Sounds reasonable, right? Yet many believe that refusing the drugs to all except terminal cancer patients is a one-solution-fits-all approach with serious implications for patients with chronic pain. To them, describing arthritis and back pain as “benign” is not only ridiculous, but offensive. Both conditions can turn a person into an invalid, making the decision for a doctor to “never” prescribe them seem unreasonable. An argument can be made that a majority of the deaths involving opioids from 1999 to 2007 involved methadone and only a small percentage from oxycodone itself. In other words, drug addicts who receive methadone treatments for addiction and overdose from a combination of methadone with alcohol or other drugs drive up the statistics. Pain, according to Jeffrey Fundin, Associate Professor at the Albany college of Pharmacy, is the single most common reason for seeking medical care. Some 9% of American adults suffer from severe non-cancer pain. More than 50 million Americans are partly or totally disabled by pain, yet 40-50% of patients don’t receive adequate pain relief. Opioids, when used properly, are a very effective pain treatment, especially for people who can’t take non-steroidal anti-inflammatory drugs (NSAID’s) like Ibuprofen. While some doctors prescribe them inappropriately, others shy away from them for fear of patient addiction and side effects and their own disciplinary action or prosecution. Proper pain management is crucial, not only for chronic conditions but also for surgeries, injuries and the elderly. Dr. Amjad’s crusade to persuade doctors to stop prescribing opioids is like Prohibition in the twenties, when solving the country’s alcohol problem was going to be solved by taking it away from everyone.
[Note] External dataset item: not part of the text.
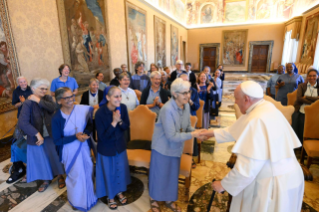 6-Aos participantes no Capítulo Geral das Pequenas Irmãs de Jesus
Pain medicine is a specialty field – non-specialists tend to have limited knowledge on the subject. A neonatal intensive care nurse I know is always surprised at the narrow approach to pain management that physicians take on her unit. Their tendency is to fall back on a few drugs which tend to anesthetize the infants. Nurses find that multi-prong approaches to pain management are more effective, such as a combination of Tylenol, Versed (a benzodiazepine) and swaddling the baby tightly to make them feel secure. Physical therapy, chiropractic treatment and massage, nutritional supplements, biofeedback, acupuncture, stress management, exercise and diet have been found to be effective alternatives but many physicians are either ignorant of or hostile towards using mind-body therapies alone or as adjuncts to pain medications. Opioids are powerful weapons against pain but doctors have an entire arsenal they can choose from. When it comes to the subject of their use or misuse perhaps physicians should consider the middle way and moderate between the extremes of potentially dangerous, addictive chemical treatments and nothing at all.